GIVEN RECORDS.

● ● ● ● ●

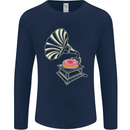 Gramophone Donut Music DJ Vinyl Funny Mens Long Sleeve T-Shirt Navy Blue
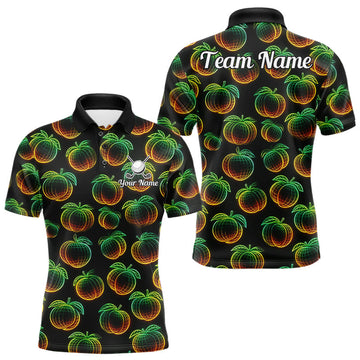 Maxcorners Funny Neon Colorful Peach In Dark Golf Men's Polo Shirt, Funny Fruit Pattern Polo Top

● ● ● ● ●

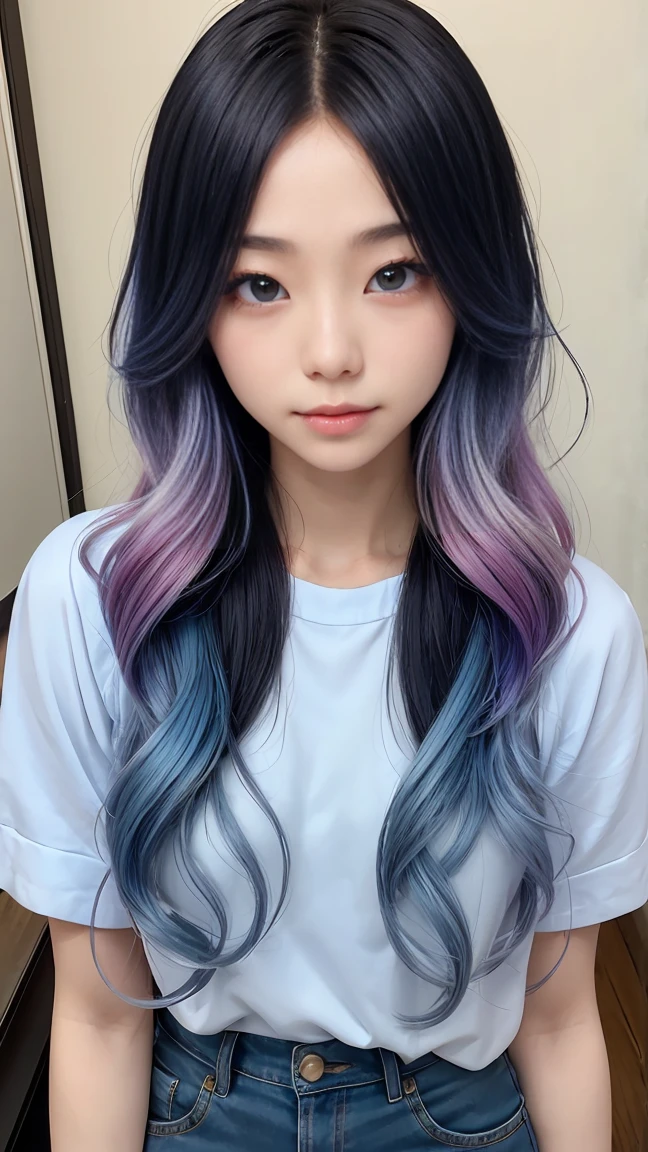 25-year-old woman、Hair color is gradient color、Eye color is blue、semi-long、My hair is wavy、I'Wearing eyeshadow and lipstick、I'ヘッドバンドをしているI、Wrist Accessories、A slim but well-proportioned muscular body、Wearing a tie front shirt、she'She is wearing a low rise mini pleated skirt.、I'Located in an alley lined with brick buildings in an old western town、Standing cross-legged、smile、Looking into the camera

● ● ● ● ●

PROBLEM DETAILS. Leaving each picture behind, please give again exactly the lines above from the one with "Gramophone Donut Music" through the one with "Maxcorners Funny Neon", both included, and no others.

TASK RESPONSE.
 Gramophone Donut Music DJ Vinyl Funny Mens Long Sleeve T-Shirt Navy Blue
 Maxcorners Funny Neon Colorful Peach In Dark Golf Men's Polo Shirt, Funny Fruit Pattern Polo Top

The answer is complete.